• **REQUIRED ACTION**:
Give every line of the listing word for word, beginning at the first and including the line with "Ikat Art. Rose" as the last.

[[ STUDY MATERIAL open ]]

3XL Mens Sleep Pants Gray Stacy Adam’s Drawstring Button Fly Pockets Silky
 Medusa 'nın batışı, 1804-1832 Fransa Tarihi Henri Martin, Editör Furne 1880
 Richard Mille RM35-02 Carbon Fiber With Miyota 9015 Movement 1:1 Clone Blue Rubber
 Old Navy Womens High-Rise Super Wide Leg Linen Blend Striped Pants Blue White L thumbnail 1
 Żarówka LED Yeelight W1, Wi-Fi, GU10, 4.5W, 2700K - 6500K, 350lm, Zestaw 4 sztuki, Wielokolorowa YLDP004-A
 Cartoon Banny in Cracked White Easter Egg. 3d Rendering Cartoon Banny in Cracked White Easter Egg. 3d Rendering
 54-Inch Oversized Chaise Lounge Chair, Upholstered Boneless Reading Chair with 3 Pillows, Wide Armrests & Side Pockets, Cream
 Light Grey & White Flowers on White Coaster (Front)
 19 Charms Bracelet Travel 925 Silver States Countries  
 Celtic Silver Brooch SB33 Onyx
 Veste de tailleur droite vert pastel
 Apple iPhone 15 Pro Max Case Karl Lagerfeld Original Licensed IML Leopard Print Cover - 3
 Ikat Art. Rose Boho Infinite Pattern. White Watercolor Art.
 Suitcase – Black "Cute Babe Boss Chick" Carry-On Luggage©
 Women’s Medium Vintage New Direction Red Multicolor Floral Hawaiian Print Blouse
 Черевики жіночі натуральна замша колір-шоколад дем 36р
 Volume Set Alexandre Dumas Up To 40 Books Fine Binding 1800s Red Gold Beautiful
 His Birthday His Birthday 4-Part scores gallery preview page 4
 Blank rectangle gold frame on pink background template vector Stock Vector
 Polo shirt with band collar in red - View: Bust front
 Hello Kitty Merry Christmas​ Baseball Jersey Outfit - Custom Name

[[ STUDY MATERIAL closed ]]

• **PROBLEM SOLUTION**:
3XL Mens Sleep Pants Gray Stacy Adam’s Drawstring Button Fly Pockets Silky
 Medusa 'nın batışı, 1804-1832 Fransa Tarihi Henri Martin, Editör Furne 1880
 Richard Mille RM35-02 Carbon Fiber With Miyota 9015 Movement 1:1 Clone Blue Rubber
 Old Navy Womens High-Rise Super Wide Leg Linen Blend Striped Pants Blue White L thumbnail 1
 Żarówka LED Yeelight W1, Wi-Fi, GU10, 4.5W, 2700K - 6500K, 350lm, Zestaw 4 sztuki, Wielokolorowa YLDP004-A
 Cartoon Banny in Cracked White Easter Egg. 3d Rendering Cartoon Banny in Cracked White Easter Egg. 3d Rendering
 54-Inch Oversized Chaise Lounge Chair, Upholstered Boneless Reading Chair with 3 Pillows, Wide Armrests & Side Pockets, Cream
 Light Grey & White Flowers on White Coaster (Front)
 19 Charms Bracelet Travel 925 Silver States Countries  
 Celtic Silver Brooch SB33 Onyx
 Veste de tailleur droite vert pastel
 Apple iPhone 15 Pro Max Case Karl Lagerfeld Original Licensed IML Leopard Print Cover - 3
 Ikat Art. Rose Boho Infinite Pattern. White Watercolor Art.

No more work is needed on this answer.